=== Section Start ===
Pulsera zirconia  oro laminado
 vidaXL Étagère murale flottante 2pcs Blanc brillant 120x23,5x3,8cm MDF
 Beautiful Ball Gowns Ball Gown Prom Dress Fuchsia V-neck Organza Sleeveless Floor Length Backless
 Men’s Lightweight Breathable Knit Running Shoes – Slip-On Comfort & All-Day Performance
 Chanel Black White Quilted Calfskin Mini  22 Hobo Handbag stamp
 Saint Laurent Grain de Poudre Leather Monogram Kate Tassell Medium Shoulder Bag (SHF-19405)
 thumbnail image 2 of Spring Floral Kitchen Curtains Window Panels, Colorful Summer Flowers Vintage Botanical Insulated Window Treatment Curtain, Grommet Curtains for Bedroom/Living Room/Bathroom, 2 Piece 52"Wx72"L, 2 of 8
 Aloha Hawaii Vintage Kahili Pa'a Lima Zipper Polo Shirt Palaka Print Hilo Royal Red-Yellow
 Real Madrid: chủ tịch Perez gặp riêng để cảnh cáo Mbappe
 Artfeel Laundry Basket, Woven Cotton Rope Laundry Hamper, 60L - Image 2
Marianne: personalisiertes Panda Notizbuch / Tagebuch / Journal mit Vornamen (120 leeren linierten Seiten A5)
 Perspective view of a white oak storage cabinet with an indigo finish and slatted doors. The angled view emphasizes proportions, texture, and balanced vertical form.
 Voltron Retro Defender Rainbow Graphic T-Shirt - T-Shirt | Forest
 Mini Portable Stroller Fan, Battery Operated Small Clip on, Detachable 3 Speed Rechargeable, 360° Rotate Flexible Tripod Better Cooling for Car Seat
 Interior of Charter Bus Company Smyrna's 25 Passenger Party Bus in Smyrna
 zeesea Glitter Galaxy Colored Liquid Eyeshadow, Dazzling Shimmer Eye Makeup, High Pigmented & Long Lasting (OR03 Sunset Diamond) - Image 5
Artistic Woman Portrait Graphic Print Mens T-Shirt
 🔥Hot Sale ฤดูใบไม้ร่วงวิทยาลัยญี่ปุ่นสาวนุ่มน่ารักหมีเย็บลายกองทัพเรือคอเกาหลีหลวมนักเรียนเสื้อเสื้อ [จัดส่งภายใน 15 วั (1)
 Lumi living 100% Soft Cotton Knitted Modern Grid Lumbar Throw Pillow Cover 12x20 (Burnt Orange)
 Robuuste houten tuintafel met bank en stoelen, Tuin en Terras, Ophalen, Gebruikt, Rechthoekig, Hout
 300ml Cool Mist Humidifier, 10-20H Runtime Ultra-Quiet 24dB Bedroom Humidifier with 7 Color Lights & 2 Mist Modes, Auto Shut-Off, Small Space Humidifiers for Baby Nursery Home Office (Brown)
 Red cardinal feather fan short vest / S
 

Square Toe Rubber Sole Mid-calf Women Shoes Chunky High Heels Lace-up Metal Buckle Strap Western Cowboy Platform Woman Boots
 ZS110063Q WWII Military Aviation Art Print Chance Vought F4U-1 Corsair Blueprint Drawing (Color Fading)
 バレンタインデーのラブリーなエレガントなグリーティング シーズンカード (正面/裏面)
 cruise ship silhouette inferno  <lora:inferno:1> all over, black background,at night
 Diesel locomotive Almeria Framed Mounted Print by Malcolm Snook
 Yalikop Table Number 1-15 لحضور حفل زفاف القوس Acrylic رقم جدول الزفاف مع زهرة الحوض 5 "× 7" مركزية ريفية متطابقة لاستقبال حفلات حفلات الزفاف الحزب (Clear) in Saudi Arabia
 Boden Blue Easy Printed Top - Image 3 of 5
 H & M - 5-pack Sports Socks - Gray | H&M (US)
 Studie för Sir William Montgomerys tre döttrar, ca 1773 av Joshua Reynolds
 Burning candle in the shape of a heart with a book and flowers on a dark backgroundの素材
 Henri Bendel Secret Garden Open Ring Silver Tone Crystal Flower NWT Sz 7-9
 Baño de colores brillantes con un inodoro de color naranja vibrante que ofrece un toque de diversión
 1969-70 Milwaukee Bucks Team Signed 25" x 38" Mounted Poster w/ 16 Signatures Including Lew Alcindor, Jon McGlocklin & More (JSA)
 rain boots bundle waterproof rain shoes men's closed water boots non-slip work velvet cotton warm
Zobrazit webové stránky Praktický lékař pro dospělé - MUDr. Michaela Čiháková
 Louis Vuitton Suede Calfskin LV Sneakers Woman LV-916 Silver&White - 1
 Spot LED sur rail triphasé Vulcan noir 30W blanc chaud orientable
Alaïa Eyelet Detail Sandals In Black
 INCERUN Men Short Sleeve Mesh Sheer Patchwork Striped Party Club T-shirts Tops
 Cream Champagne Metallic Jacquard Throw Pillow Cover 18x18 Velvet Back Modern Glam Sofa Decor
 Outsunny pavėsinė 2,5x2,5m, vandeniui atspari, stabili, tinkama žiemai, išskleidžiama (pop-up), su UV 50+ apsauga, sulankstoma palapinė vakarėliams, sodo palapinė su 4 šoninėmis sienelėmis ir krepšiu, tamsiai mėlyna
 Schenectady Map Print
=== Section End ===
> _What you have to do_: Wherever the string "Pillow" turns up in the material, copy the whole line.

> _Solution to the problem_:
 Lumi living 100% Soft Cotton Knitted Modern Grid Lumbar Throw Pillow Cover 12x20 (Burnt Orange)
 Cream Champagne Metallic Jacquard Throw Pillow Cover 18x18 Velvet Back Modern Glam Sofa Decor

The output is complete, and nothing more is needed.